The +V output is connected directly to the power supply (through the diode and fuse). If a higher voltage level is needed you can use an external power supply rated at the required voltage.

The +5 output will take any input between 7 and 35 volts DC and convert it to a stable 5 volts. This can be used for applications where 5 volts is required (microcontrollers for example) or where the unregulated power may be too unstable.


The mixer has 3 inputs. The right most input will amplify the signal x10. The centre and left are un-amplified (x1). The amplified input is intended for low level signals such as sine and triangle waves.

Be aware that signals plugged into the x10 input may overpower the other two. The amplitude of the x10 input can be reduced to the level of the other two by adding a 10k resistor in series with the signal (actually a 9k but 10k are much more common and should work well enough for most applications).


The amplifier will take the signal from the mixer and amplify it to a level appropriate to drive the onboard speaker. If you do not plan to use the onboard speaker, the amplifier can be turned off with the amplifier power switch to conserve battery power (if batteries are being used).


The headphone out jack can be used to send a mono signal from the mixer to external gear or a stereo (dual mono) signal to the headphones. Plugging a cable into the headphone jack will disconnect the signal from the input of the amplifier.


This section has three buffeted inputs which are routed to the three channels of a tricolour LED (red, green & blue).

The brightness of the LED is dependant on the voltage level of the incoming signal. Therefore the LEDs can be used to monitor signal levels within your circuit.

LDR (light dependant resistor)

The LDR has two inputs. The resistance between these points will vary (approx. between 10k ohms and 1M ohms) as the light which falls on the light sensor increases and decreases.

More light = lower resistance.

The LDR is installed facing the LED. Voltages applied to the LED will increase the brightness which will in turn reduce the resistance of the LDR. This combination of LED and LDR is commonly known as a vactrol and is a classic method of converting voltage to resistance.

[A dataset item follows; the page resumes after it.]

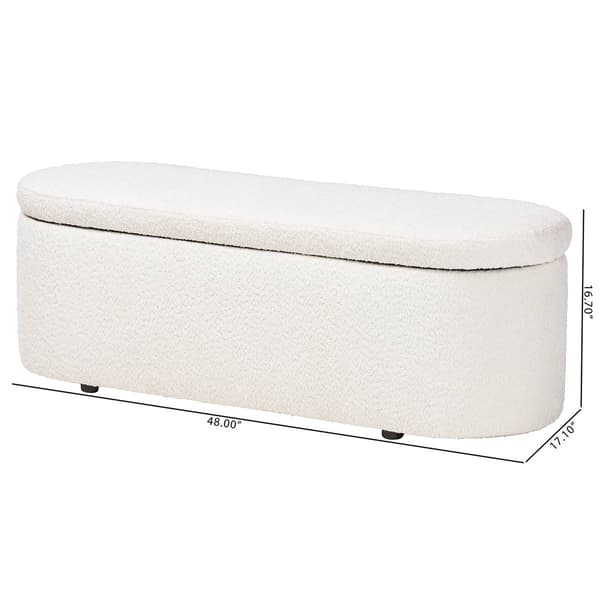 Baxton Studio Lavina Modern Teddy-Bear Fabric Storage Bench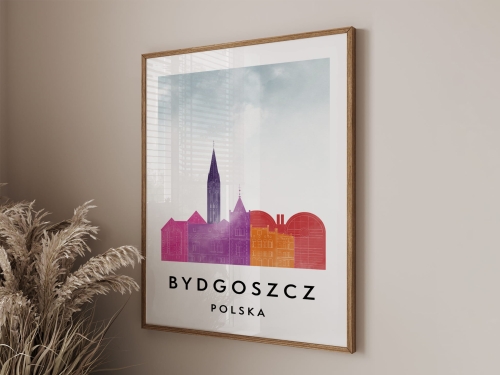 Plakat do salonu skylines Bydgoszcz  stylu Watercolor/ Akwarelowym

This effectively lets you add voltage control to nearly any circuit. Unlike the traditional vactrol, this one is not sealed which means ambient light will also effect the LDR. This was done to allow maximum flexibility of how the LDR is used. If you would like to use the LDR independently from the LED, a light blocking piece of material can be placed between the LDR and LED. If you would like a more traditional vactrol configuration you can place black tape or something similar over both the LED and LDR to block out ambient light.


This section has three sockets connected to the three letters of the OMS logo respectively.

These can be connected to circuits which are sensitive to touch and manipulated by placing your finger on the sensors.


Each of the 5 potentiometers have three connection points connected to the three legs of the potentiometer. The pots are rated at 100k ohms and have a 1k resistor in series with the centre pin to avoid short circuits to the power which can damage the conductive material inside the pot.  


This section has three connection points connected to both the switch and the button.

Pressing the button connects points 1&3. (see drawing)

Throwing the switch to the right connects 2&3. To the left connects 1&2. This slightly unconventional configuration allows the user to make patches which can be manipulated with both the switch and button simultaneously.

For instance in the image to the right connecting the power supply through the switch allows the user to pulse the power on and off by pressing the button or to turn it on and off with the switch.